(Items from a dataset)

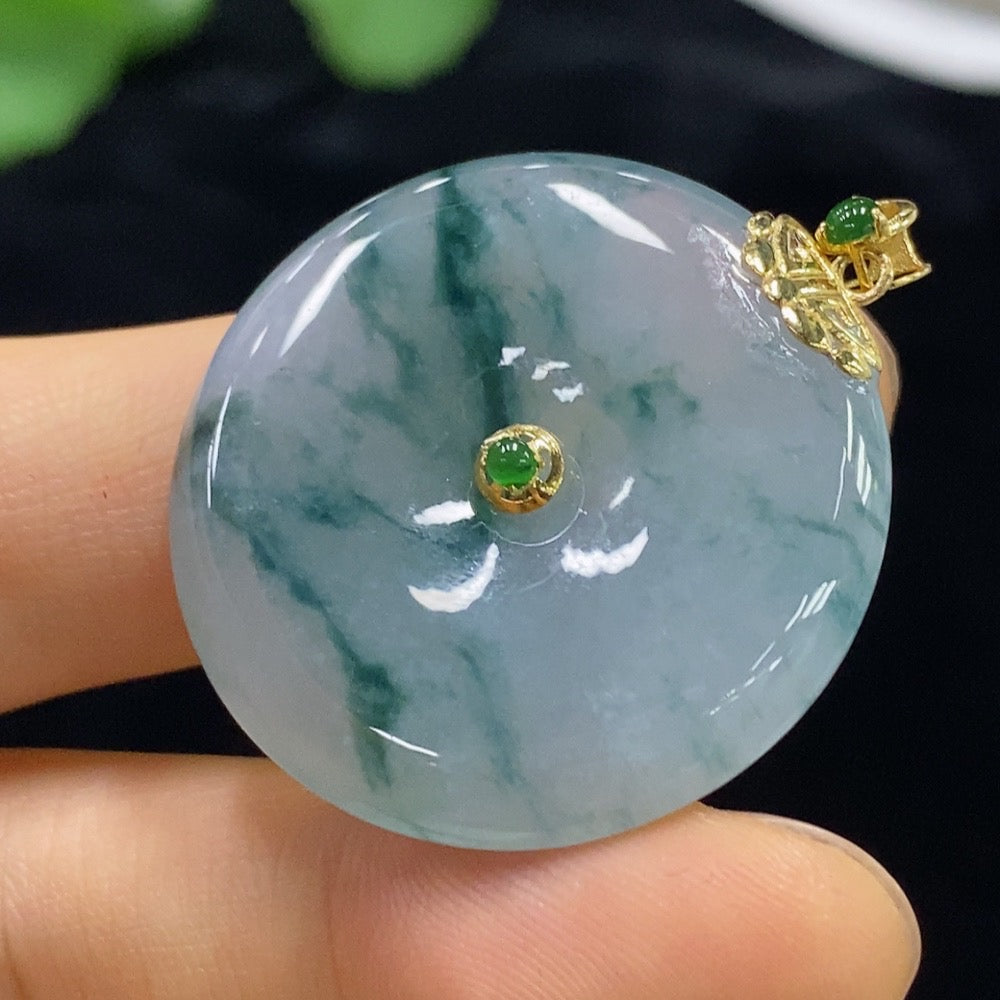 Jadeite Peace Buckle Pendant 18k Total Weight Approx. 11.32g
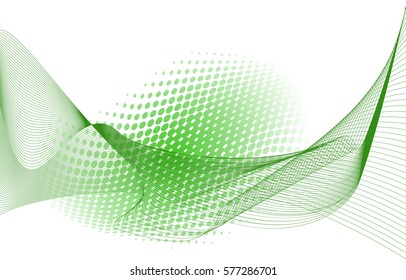 abstract smooth green wave curve motion lines graphic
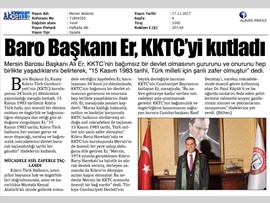 BASINDA BAROMUZ (Baro Başkanımızın KKTC'nin Kuruluş Yıldönümü Mesajı)
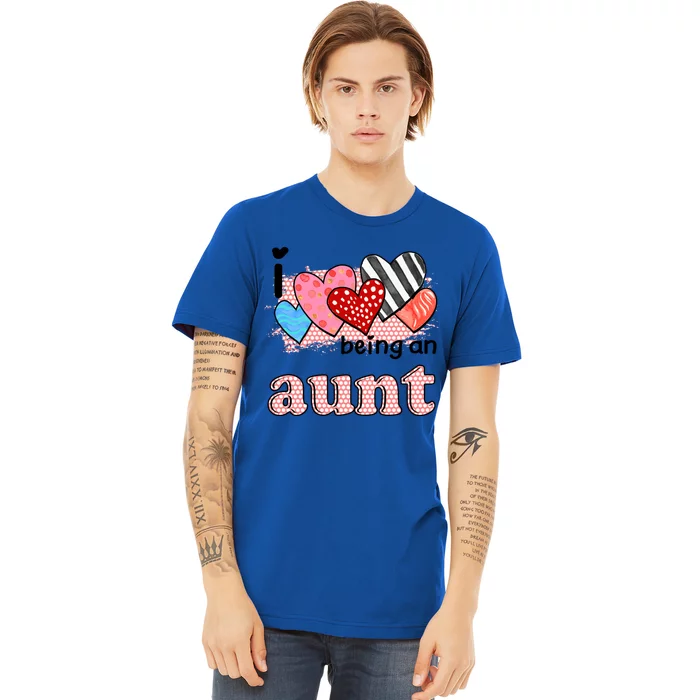 Wo I Love Being An Aunt Cute Hearts Aunt Gift Premium T-Shirt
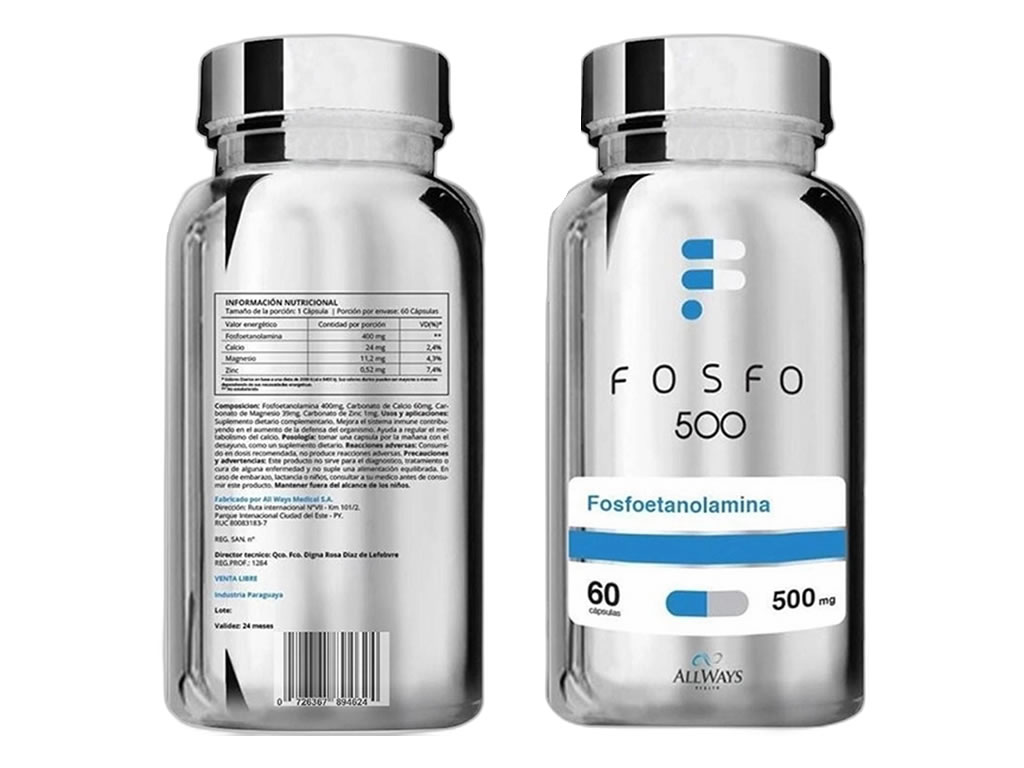 SUPLEMENTO ALLWAYS FOSFO 500MG - 60 CAPSULAS SUPLEMENTO ALLWAYS FOSFO 500MG - 60 CAPSULAS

**WHAT TO DO**
A word-for-word copy of the entries above is what is needed, without any images.

**RESPONSE TO THIS EXERCISE**
 Jadeite Peace Buckle Pendant 18k Total Weight Approx. 11.32g
 abstract smooth green wave curve motion lines graphic
 BASINDA BAROMUZ (Baro Başkanımızın KKTC'nin Kuruluş Yıldönümü Mesajı)
 Wo I Love Being An Aunt Cute Hearts Aunt Gift Premium T-Shirt
 SUPLEMENTO ALLWAYS FOSFO 500MG - 60 CAPSULAS SUPLEMENTO ALLWAYS FOSFO 500MG - 60 CAPSULAS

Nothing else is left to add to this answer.